GIVEN MATERIAL >>
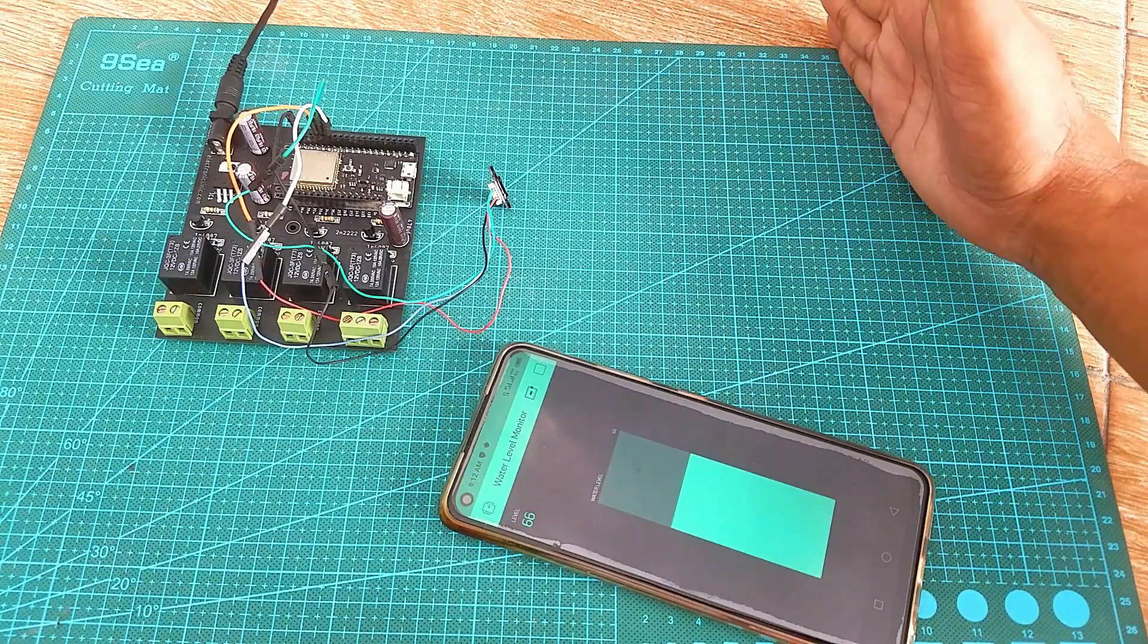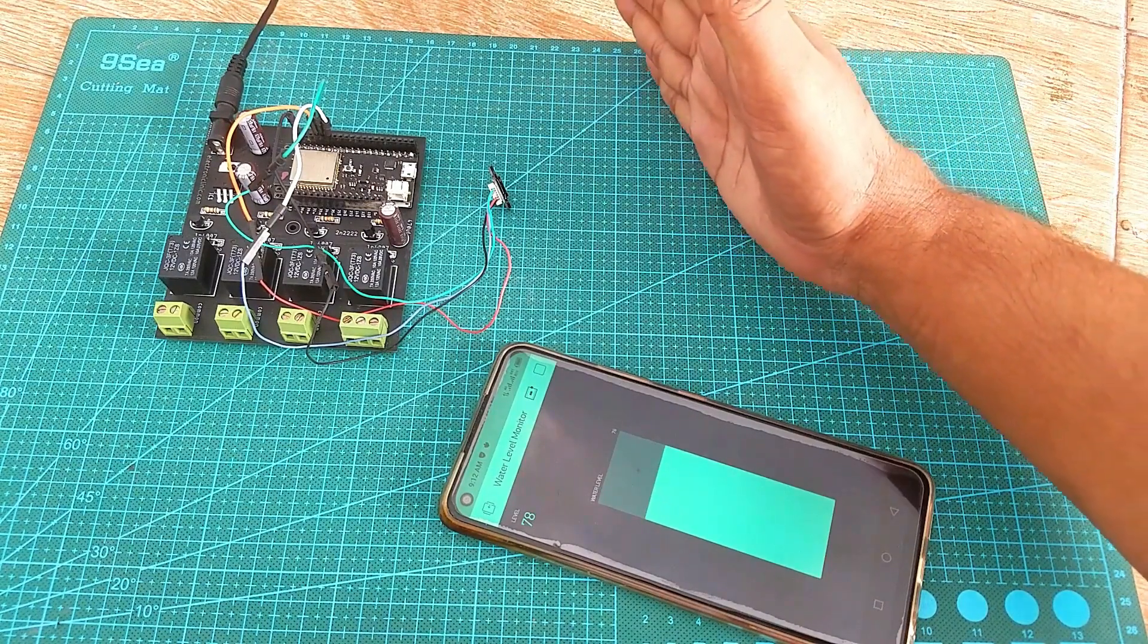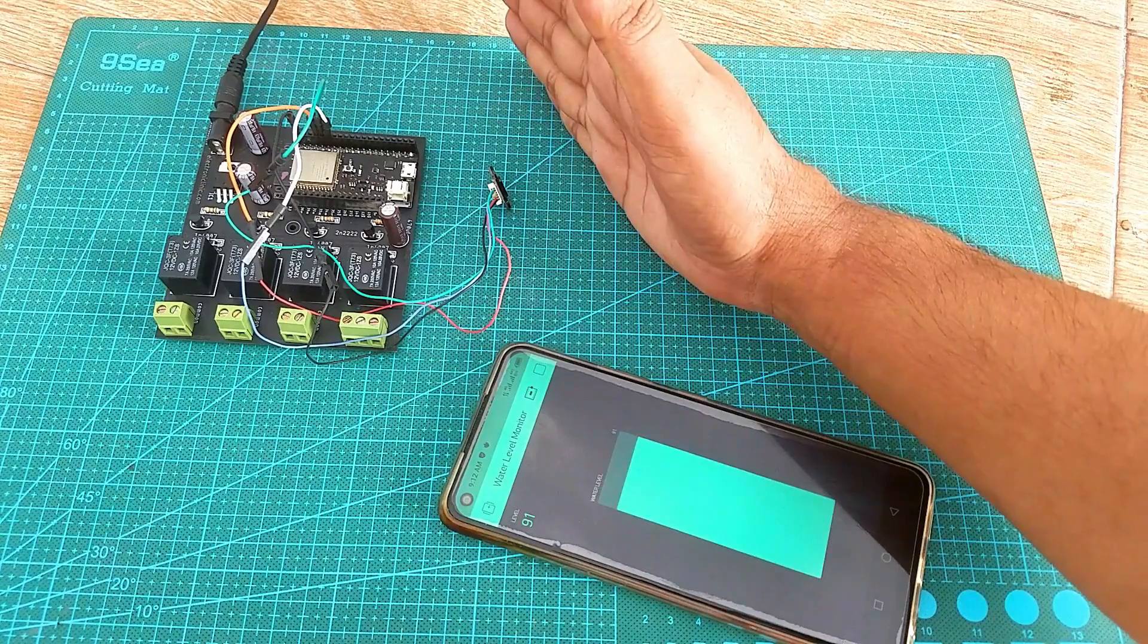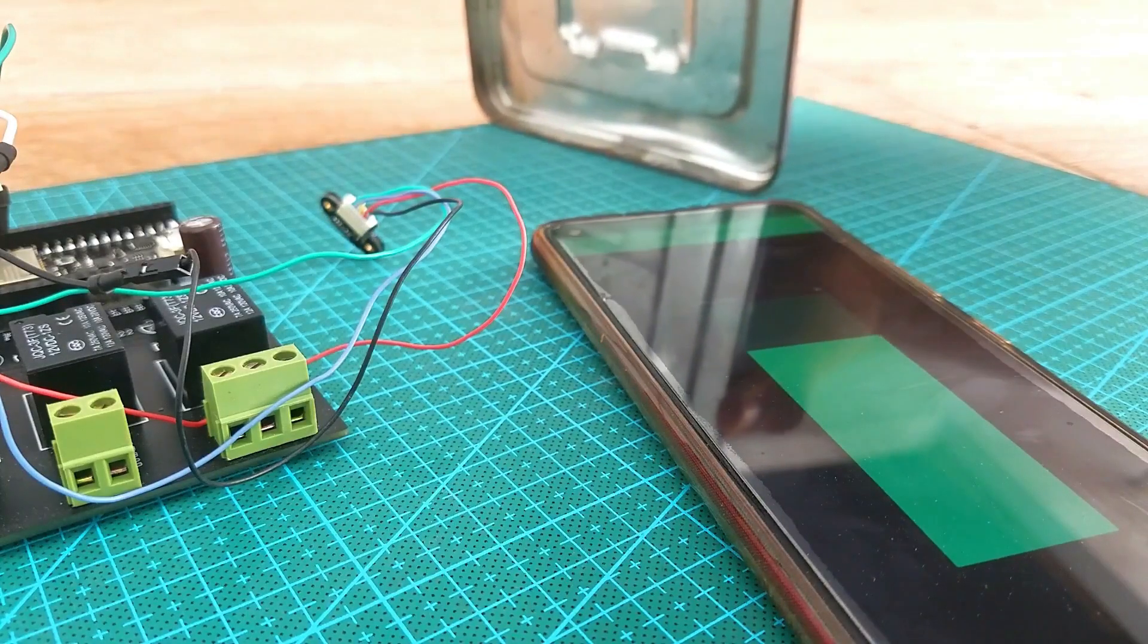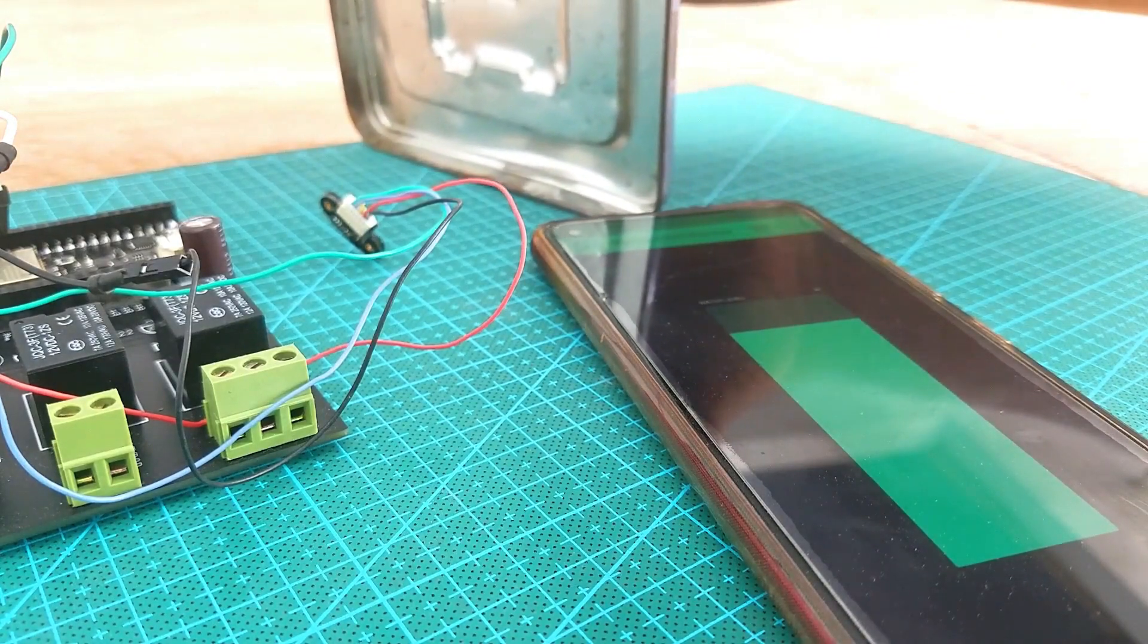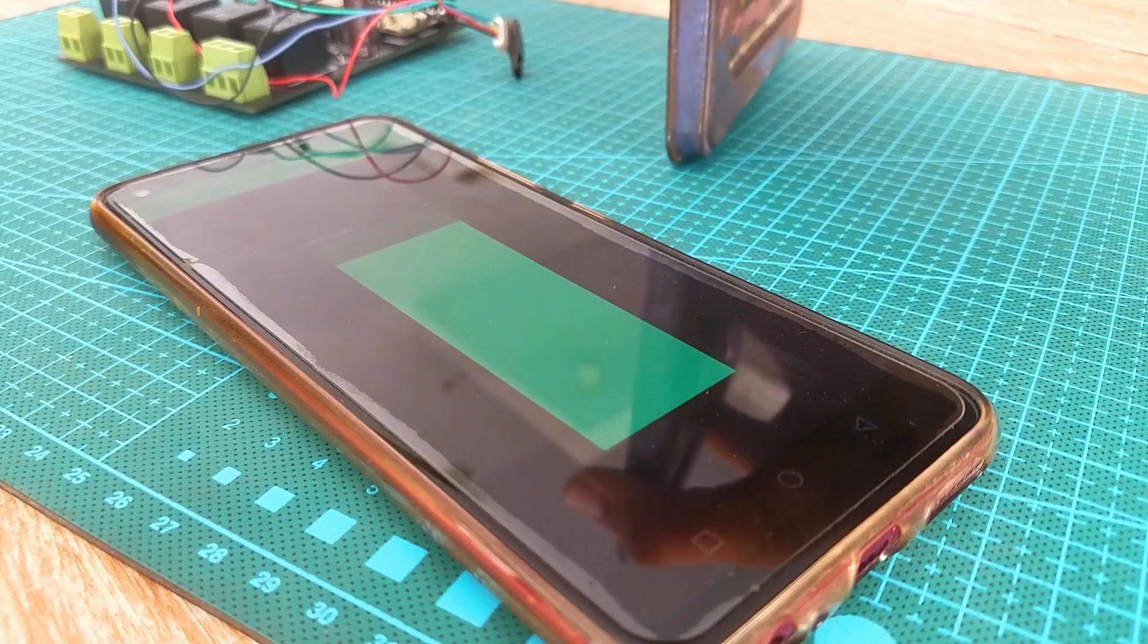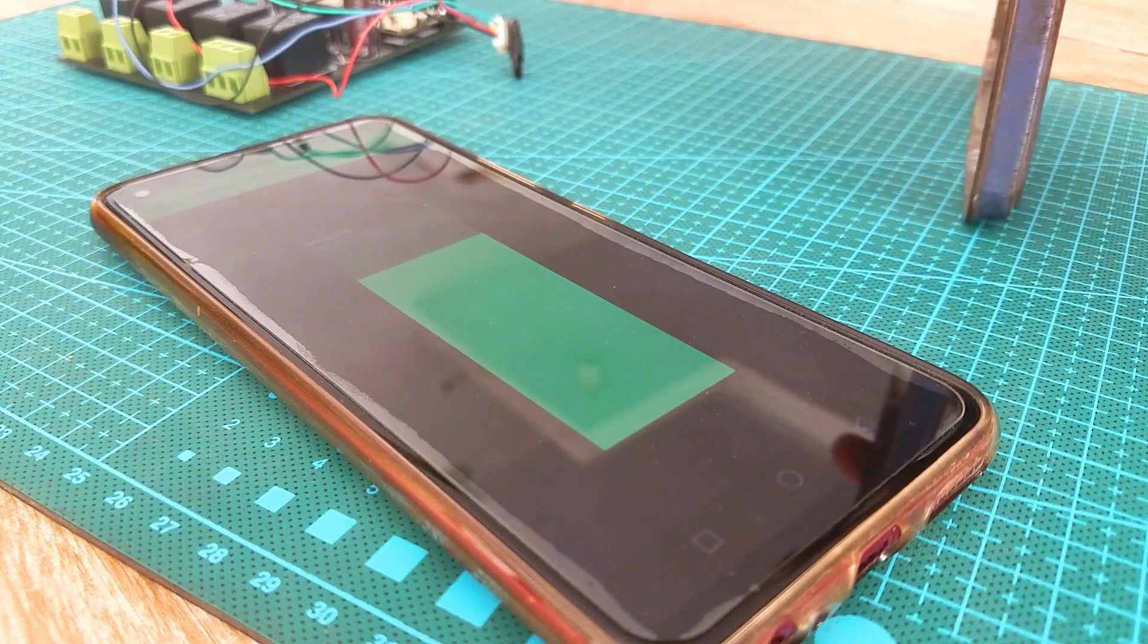As explained in my previous video based on the water level monitoring system using TOF10120 laser range finder or distance sensor, I am making this series of videos to explain how to use each sensor individually before I make the complete IoT based hydroponics system.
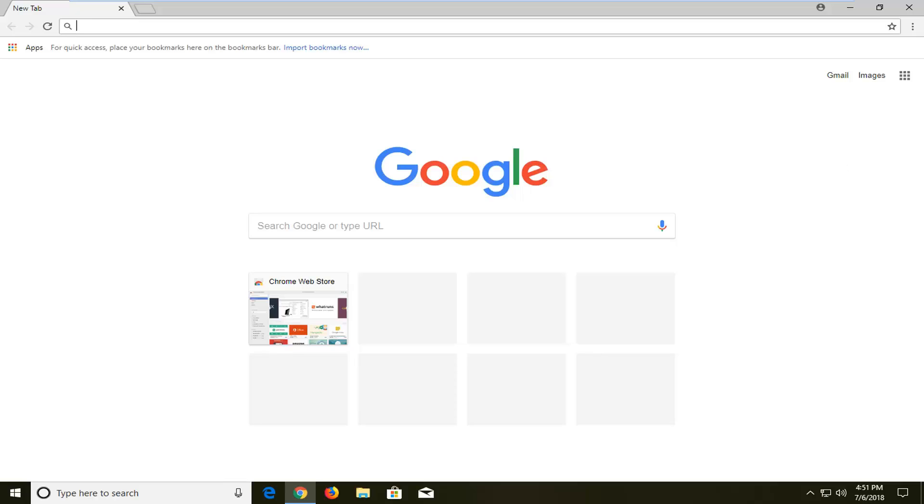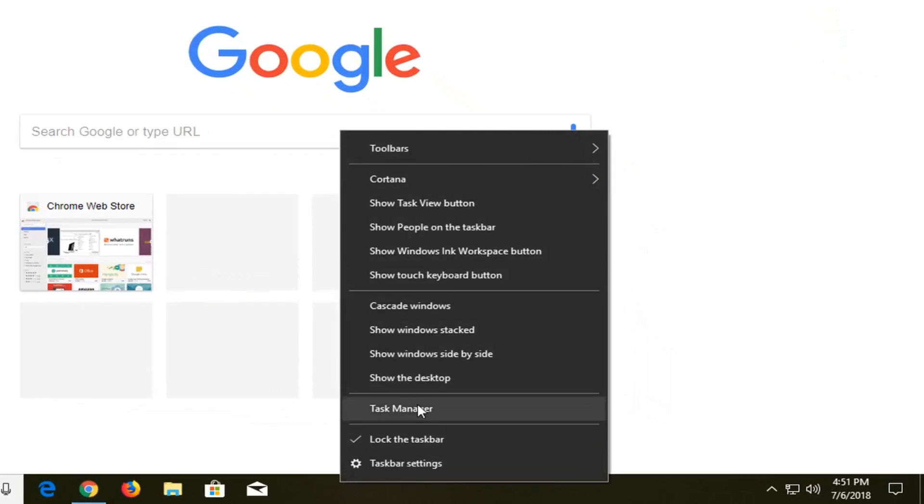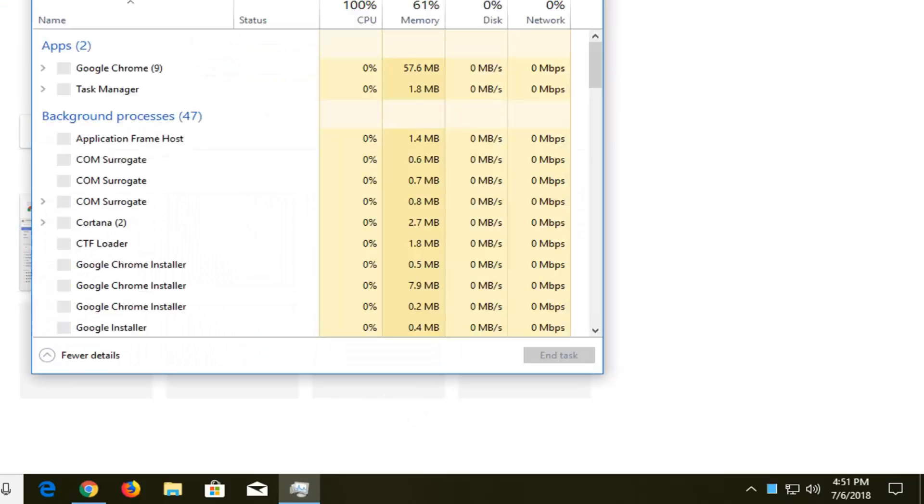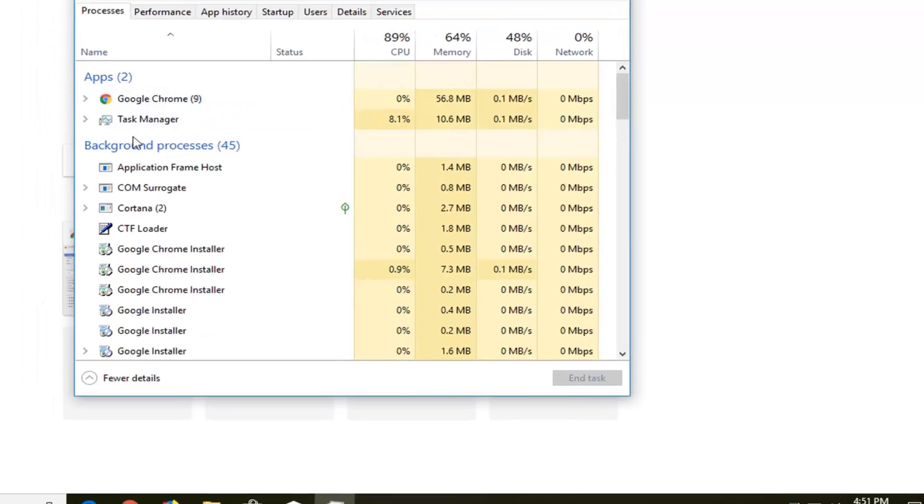So if you're actually unable to close out of the web browser by going up to the top right, you can go down to your taskbar at the bottom of your screen, right click on it, left click on task manager and then you just want to locate whatever app your web browser is that you're currently on.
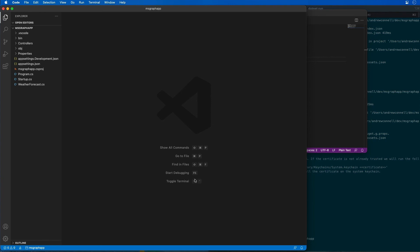In this demo, you saw me create a new Azure AD app registration using the Azure AD Admin Center and grant consent to the required permission scopes for our app. You also saw me spin up ngrok and create a base Web API project.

TASK >>
Reproduce the listing word for word, but keep the pictures out of it.

FINISHED EXERCISE >>
As explained in my previous video based on the water level monitoring system using TOF10120 laser range finder or distance sensor, I am making this series of videos to explain how to use each sensor individually before I make the complete IoT based hydroponics system.
So if you're actually unable to close out of the web browser by going up to the top right, you can go down to your taskbar at the bottom of your screen, right click on it, left click on task manager and then you just want to locate whatever app your web browser is that you're currently on.
In this demo, you saw me create a new Azure AD app registration using the Azure AD Admin Center and grant consent to the required permission scopes for our app. You also saw me spin up ngrok and create a base Web API project.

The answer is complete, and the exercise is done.